Nous sommes priés de croire que l’islam est compatible avec la République, la démocratie et l’Etat de droit. Oser interroger ce dogme frôle dangereusement l’islamophobie, ce qui risque bientôt d’entraîner l’inéligibilité, si toutefois les nouveaux maîtres du pays de Voltaire parviennent à exclure du débat public tous ceux qui ne pensent pas comme eux. Mais réjouissons-nous ! La France, au moins, ne punit pas de mort le blasphème, contrairement à des pays qui puisent pourtant leur inspiration législative dans une idéologie « compatible avec la République, la démocratie et l’Etat de droit »…
Soyons sérieux.
Je ne doute pas que la pratique qu’ont de l’islam un certain nombre de nos concitoyens soit parfaitement compatible avec les valeurs de la République française, à commencer par celle d’élus comme Malek Boutih ou Amine El Khatmi. Certains, comme Abdennour Bidar, Michel Renard ou Leïla Babès, ont même conceptualisé cet islam des Lumières, afin d’offrir à ceux qui veulent y croire les outils intellectuels et théologiques nécessaires. Musulmans, ils ont régulièrement défendu les valeurs les plus nobles de la France alors que nos représentants élus, Français « de souche » et non-musulmans, les abandonnaient par paresse intellectuelle, par lâcheté ou par intérêt.
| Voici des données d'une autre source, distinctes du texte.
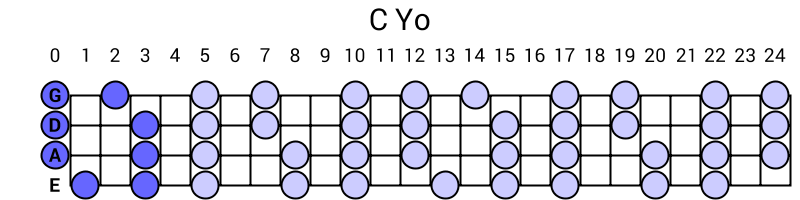 C Yo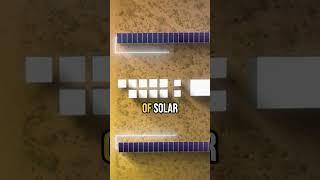 This Megaproject Powers Las Vegas with Solar and Battery Technology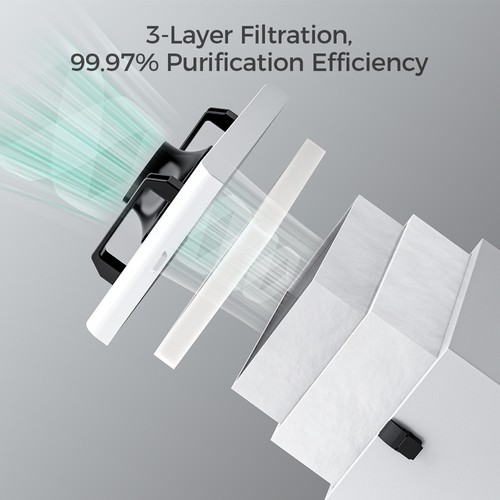 IKIER D4 Rauchreiniger, 3-stufige Filtration, einstellbare Geschwindigkeit, geräuscharm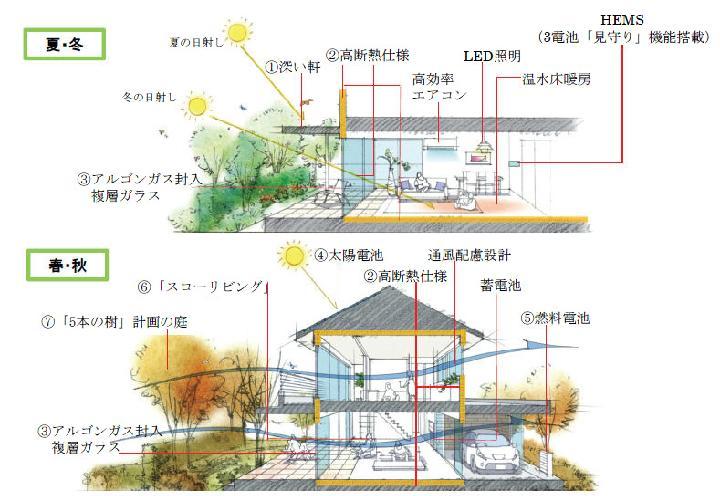 住宅、ビル、そして現場も！ITでゼロエネ化に挑む | 日経クロステック...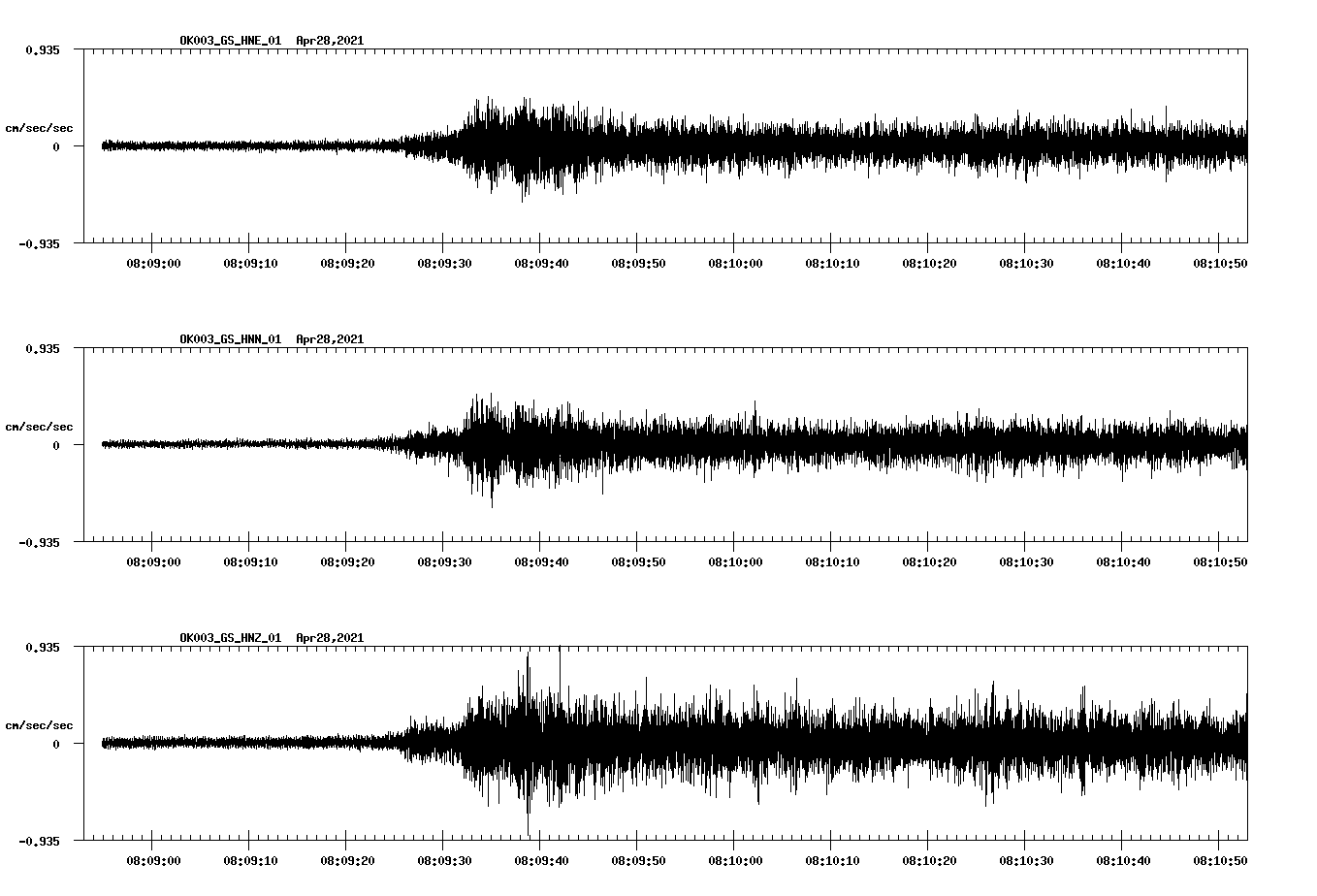 NetQuakes seismogram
Là où l’islam domine, l’islam réprime
Mais entre autres choses, ils ont en commun de savoir et d’avoir le courage de dire que leur islam n’est pas « l’islam », mais un islam. Ils ne se prétendent pas représentants ni représentatifs d’une communauté. Le sont-ils ? Difficile à dire. L’étude de l’Institut Montaigne tendrait plutôt à montrer qu’ils sont douloureusement minoritaires.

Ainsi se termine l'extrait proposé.